§ What to produce
Please copy the entries below word for word.
****
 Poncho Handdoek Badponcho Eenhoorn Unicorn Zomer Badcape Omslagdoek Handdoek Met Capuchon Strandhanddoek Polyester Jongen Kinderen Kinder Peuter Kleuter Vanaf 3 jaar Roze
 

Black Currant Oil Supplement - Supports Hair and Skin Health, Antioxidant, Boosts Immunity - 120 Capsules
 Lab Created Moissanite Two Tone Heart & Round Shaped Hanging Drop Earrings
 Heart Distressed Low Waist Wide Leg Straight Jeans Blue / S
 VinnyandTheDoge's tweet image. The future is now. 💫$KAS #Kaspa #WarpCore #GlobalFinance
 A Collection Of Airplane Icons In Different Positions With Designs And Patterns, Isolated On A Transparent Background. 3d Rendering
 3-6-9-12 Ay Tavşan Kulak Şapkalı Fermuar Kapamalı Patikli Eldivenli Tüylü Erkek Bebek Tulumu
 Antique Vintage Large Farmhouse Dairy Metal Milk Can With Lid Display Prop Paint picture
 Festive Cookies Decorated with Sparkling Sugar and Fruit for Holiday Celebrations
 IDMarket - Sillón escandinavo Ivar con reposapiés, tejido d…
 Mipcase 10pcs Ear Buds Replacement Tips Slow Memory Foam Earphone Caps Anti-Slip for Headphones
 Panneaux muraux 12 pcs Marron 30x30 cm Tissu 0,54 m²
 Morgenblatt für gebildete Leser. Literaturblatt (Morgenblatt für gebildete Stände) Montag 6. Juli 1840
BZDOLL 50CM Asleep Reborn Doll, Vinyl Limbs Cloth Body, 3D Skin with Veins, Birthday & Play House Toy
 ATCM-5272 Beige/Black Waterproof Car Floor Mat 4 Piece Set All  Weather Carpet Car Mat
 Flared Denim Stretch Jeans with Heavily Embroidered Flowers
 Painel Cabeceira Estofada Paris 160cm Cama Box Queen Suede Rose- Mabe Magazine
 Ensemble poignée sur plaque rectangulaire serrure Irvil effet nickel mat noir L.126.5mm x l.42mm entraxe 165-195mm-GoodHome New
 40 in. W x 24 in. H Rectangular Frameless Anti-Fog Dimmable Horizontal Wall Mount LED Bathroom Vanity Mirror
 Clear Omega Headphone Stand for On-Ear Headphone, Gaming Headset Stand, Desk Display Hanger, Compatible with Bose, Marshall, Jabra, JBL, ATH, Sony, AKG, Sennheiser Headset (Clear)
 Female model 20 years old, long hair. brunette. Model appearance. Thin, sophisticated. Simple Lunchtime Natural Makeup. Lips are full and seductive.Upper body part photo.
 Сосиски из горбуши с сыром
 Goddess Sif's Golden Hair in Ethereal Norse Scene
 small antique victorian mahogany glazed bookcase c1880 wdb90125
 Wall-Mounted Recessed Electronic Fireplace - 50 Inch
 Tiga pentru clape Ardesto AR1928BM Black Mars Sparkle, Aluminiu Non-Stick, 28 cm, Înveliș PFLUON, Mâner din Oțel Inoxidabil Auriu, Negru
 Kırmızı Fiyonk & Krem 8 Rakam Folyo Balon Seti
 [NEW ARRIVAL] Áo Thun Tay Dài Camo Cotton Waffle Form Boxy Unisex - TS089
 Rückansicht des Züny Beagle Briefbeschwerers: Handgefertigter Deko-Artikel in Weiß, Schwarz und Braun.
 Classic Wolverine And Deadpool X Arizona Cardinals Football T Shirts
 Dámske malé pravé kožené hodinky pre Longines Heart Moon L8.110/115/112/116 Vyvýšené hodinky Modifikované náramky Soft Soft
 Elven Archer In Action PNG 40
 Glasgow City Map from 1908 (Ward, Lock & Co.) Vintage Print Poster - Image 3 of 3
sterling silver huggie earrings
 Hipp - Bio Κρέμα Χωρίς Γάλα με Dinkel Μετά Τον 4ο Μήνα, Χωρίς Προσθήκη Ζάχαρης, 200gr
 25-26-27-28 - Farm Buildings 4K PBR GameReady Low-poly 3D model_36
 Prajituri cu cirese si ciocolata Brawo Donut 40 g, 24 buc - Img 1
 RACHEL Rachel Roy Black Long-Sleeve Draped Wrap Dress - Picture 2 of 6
****
§ Written answer
 Poncho Handdoek Badponcho Eenhoorn Unicorn Zomer Badcape Omslagdoek Handdoek Met Capuchon Strandhanddoek Polyester Jongen Kinderen Kinder Peuter Kleuter Vanaf 3 jaar Roze
 

Black Currant Oil Supplement - Supports Hair and Skin Health, Antioxidant, Boosts Immunity - 120 Capsules
 Lab Created Moissanite Two Tone Heart & Round Shaped Hanging Drop Earrings
 Heart Distressed Low Waist Wide Leg Straight Jeans Blue / S
 VinnyandTheDoge's tweet image. The future is now. 💫$KAS #Kaspa #WarpCore #GlobalFinance
 A Collection Of Airplane Icons In Different Positions With Designs And Patterns, Isolated On A Transparent Background. 3d Rendering
 3-6-9-12 Ay Tavşan Kulak Şapkalı Fermuar Kapamalı Patikli Eldivenli Tüylü Erkek Bebek Tulumu
 Antique Vintage Large Farmhouse Dairy Metal Milk Can With Lid Display Prop Paint picture
 Festive Cookies Decorated with Sparkling Sugar and Fruit for Holiday Celebrations
 IDMarket - Sillón escandinavo Ivar con reposapiés, tejido d…
 Mipcase 10pcs Ear Buds Replacement Tips Slow Memory Foam Earphone Caps Anti-Slip for Headphones
 Panneaux muraux 12 pcs Marron 30x30 cm Tissu 0,54 m²
 Morgenblatt für gebildete Leser. Literaturblatt (Morgenblatt für gebildete Stände) Montag 6. Juli 1840
BZDOLL 50CM Asleep Reborn Doll, Vinyl Limbs Cloth Body, 3D Skin with Veins, Birthday & Play House Toy
 ATCM-5272 Beige/Black Waterproof Car Floor Mat 4 Piece Set All  Weather Carpet Car Mat
 Flared Denim Stretch Jeans with Heavily Embroidered Flowers
 Painel Cabeceira Estofada Paris 160cm Cama Box Queen Suede Rose- Mabe Magazine
 Ensemble poignée sur plaque rectangulaire serrure Irvil effet nickel mat noir L.126.5mm x l.42mm entraxe 165-195mm-GoodHome New
 40 in. W x 24 in. H Rectangular Frameless Anti-Fog Dimmable Horizontal Wall Mount LED Bathroom Vanity Mirror
 Clear Omega Headphone Stand for On-Ear Headphone, Gaming Headset Stand, Desk Display Hanger, Compatible with Bose, Marshall, Jabra, JBL, ATH, Sony, AKG, Sennheiser Headset (Clear)
 Female model 20 years old, long hair. brunette. Model appearance. Thin, sophisticated. Simple Lunchtime Natural Makeup. Lips are full and seductive.Upper body part photo.
 Сосиски из горбуши с сыром
 Goddess Sif's Golden Hair in Ethereal Norse Scene
 small antique victorian mahogany glazed bookcase c1880 wdb90125
 Wall-Mounted Recessed Electronic Fireplace - 50 Inch
 Tiga pentru clape Ardesto AR1928BM Black Mars Sparkle, Aluminiu Non-Stick, 28 cm, Înveliș PFLUON, Mâner din Oțel Inoxidabil Auriu, Negru
 Kırmızı Fiyonk & Krem 8 Rakam Folyo Balon Seti
 [NEW ARRIVAL] Áo Thun Tay Dài Camo Cotton Waffle Form Boxy Unisex - TS089
 Rückansicht des Züny Beagle Briefbeschwerers: Handgefertigter Deko-Artikel in Weiß, Schwarz und Braun.
 Classic Wolverine And Deadpool X Arizona Cardinals Football T Shirts
 Dámske malé pravé kožené hodinky pre Longines Heart Moon L8.110/115/112/116 Vyvýšené hodinky Modifikované náramky Soft Soft
 Elven Archer In Action PNG 40
 Glasgow City Map from 1908 (Ward, Lock & Co.) Vintage Print Poster - Image 3 of 3
sterling silver huggie earrings
 Hipp - Bio Κρέμα Χωρίς Γάλα με Dinkel Μετά Τον 4ο Μήνα, Χωρίς Προσθήκη Ζάχαρης, 200gr
 25-26-27-28 - Farm Buildings 4K PBR GameReady Low-poly 3D model_36
 Prajituri cu cirese si ciocolata Brawo Donut 40 g, 24 buc - Img 1
 RACHEL Rachel Roy Black Long-Sleeve Draped Wrap Dress - Picture 2 of 6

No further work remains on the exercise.